GIVEN DATA:
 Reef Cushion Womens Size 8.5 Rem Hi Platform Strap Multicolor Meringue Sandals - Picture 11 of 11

==

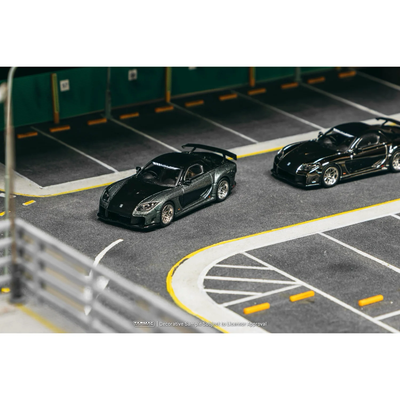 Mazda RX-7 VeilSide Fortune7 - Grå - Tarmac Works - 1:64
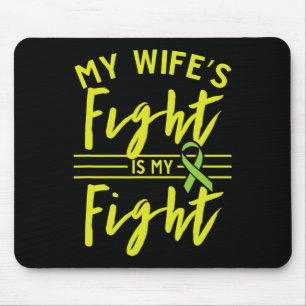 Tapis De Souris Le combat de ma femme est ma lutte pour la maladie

BRIEF: Your reply should hold nothing but the lines above, from the one containing "Mazda RX-7 VeilSide" to the one containing "Tapis De Souris", reproduced exactly minus the pictures.

OUTPUT OF THE TASK:
 Mazda RX-7 VeilSide Fortune7 - Grå - Tarmac Works - 1:64
 Tapis De Souris Le combat de ma femme est ma lutte pour la maladie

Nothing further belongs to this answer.